Better rates of return
Offshore online casinos are doing better than ever in the land Down Under, according to the Australian Times.
The reasons are easy to pinpoint, including ease of access and improved technologies that make for a more immersive player experience. But the bottom line is—well, the bottom line. Land-based poker machines are mandated to offer a return-to-player percentage of between 85 percent and 90 percent. But online pokies can offer more than 95 percent.
“We’ve seen a drop in participation in gambling on a per-capita basis, but the expenditure on gambling hasn’t dropped,” said Australian Gambling Research Centre Manager Anna Thomas. “What we are seeing is a smaller group of people gambling more heavily.” Pokies are most popular, but online and sports betting are growing at the quickest pace.
Australians are the world’s biggest gamblers, and lost an average of AU$1,000 for every man, woman and child in the country in 2015, a 6 percent increase over 2014. Even so, the profile of gamblers has shifted from 2000 through 2014, from 80 percent of adult who play each year to just 64 percent.

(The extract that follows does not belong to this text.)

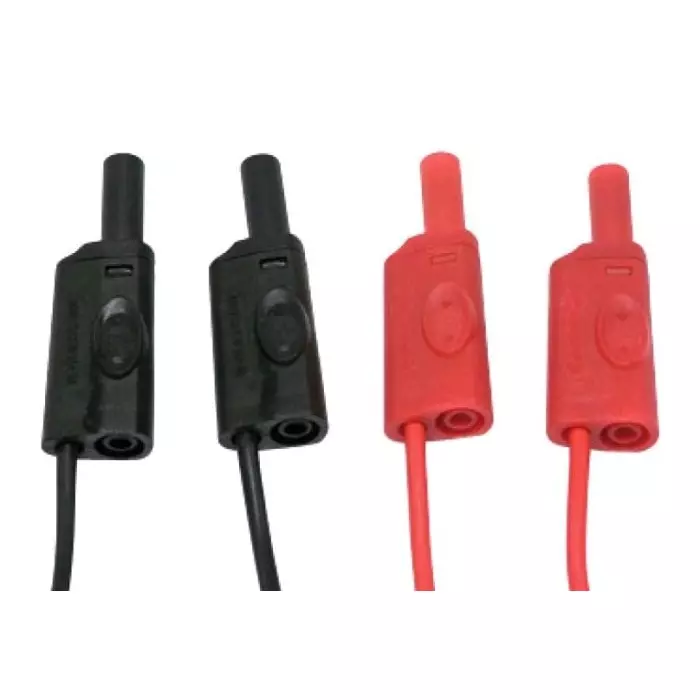 CHAUVIN ARNOUX Test Lead 20 A 600 V Black & Red 2 m Length, P01295290Z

Poker is especially popular, but the federal and state governments are pulling in fewer revenues due to offshore competition.
The Times speculated that Aussie lawmakers may want to “intervene in such a way to see the revenue that is currently heading offshore through remote gambling make its way back into the Treasury’s coffers … But what is clear is that the gambling landscape has changed and that the online world is, as is so often the case, ahead of the pack when it comes to adaptation and giving the punters what they want.”